> THE TASK: Your reply is to be the lines below, exactly as written, with images omitted.

> PROVIDED DATA:
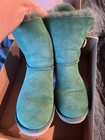 Ugg Australia W Bailey Button Suede Sheepskin Lined Green Boots Us 6 Mpn 5803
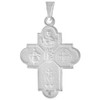 1 ¼ inch Sterling Silver 4-Way Cross Medal Cruciform Necklace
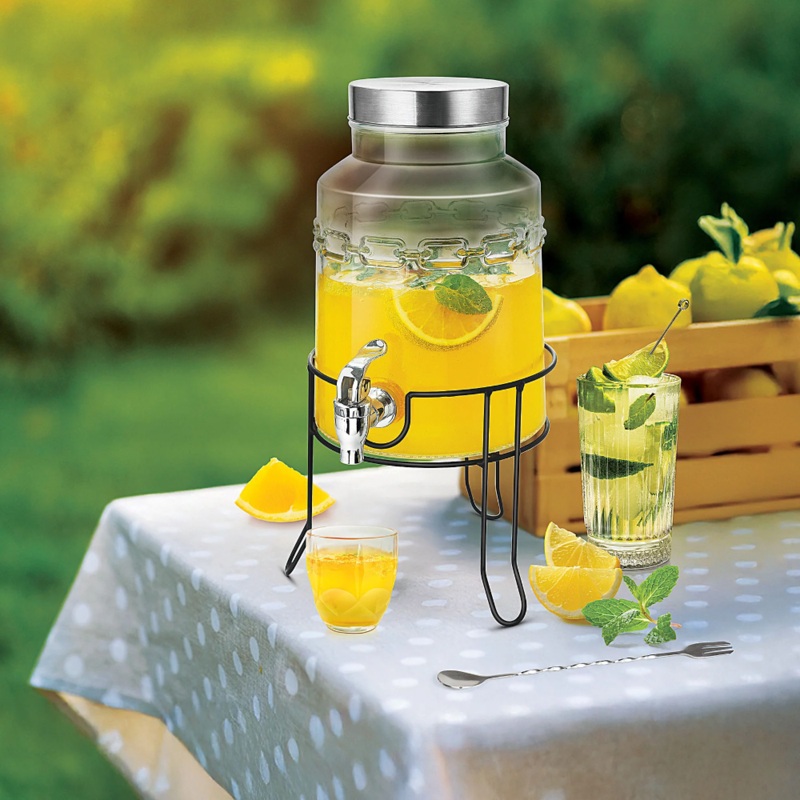 Treo Tropica Dispensing Jar With Steel Tap and Iron Stand | Glass | Transparent | 1 Pc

> RESULT OF THIS EXERCISE:
 Ugg Australia W Bailey Button Suede Sheepskin Lined Green Boots Us 6 Mpn 5803
 1 ¼ inch Sterling Silver 4-Way Cross Medal Cruciform Necklace
 Treo Tropica Dispensing Jar With Steel Tap and Iron Stand | Glass | Transparent | 1 Pc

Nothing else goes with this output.